André Breton, Joseph Cornell, 1966
It was through the meditation of Susan Sontag’s review of Maurice Nadeau’s book on surrealism that Joseph Cornell renewed his acquaintance with the writings of André Breton. This renewed contact was as Cornell put it, a risorgimento, bringing again the image of “the midnight sunflower”. It was not only Breton’s face that appealed to Joseph Cornell but certain images associated with him. These had, like his face, a certain talismanic appeal: see, for instance, the diamond, standing for Breton’s dream of the crystal.

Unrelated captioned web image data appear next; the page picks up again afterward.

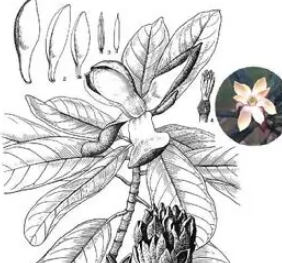 华盖木(木兰科华盖木属植物)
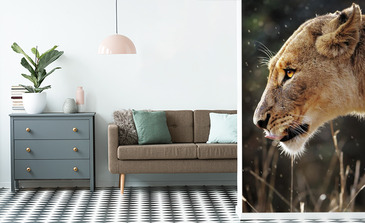 Visualisation du produit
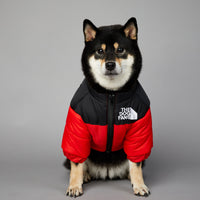 HKM-0048957 Windproof and Rainproof Winter Pet Cotton-Padded Jacket for Dogs in Various Colors and Sizes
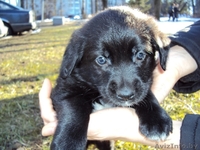 Маленького щенка в добрые руки - Изображение #1, Объявление #198392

Two things associated with Breton had special meaning for Cornell. First, Breton’s image of communicating vessels, with the marvelous interchange of one thing and another, this baroque interpenetration perfectly emblematized in the scientific experiment of the same name. in a sense, this imagined communication of elements compensates for the radical enclosures of his shadow theater boxes, as if between the boxes a link could be perceived. The midnight sunflower refers to Breton’s poem Tournesol (Sunflower), in which he recounts the discovery of marvelous encounter of his love, inspiring Cornell’s box Tournesol, itself an encounter, like all of his boxes. On this particular box, he worked repeatedly in January and February 1966: Cornell’s Breton period.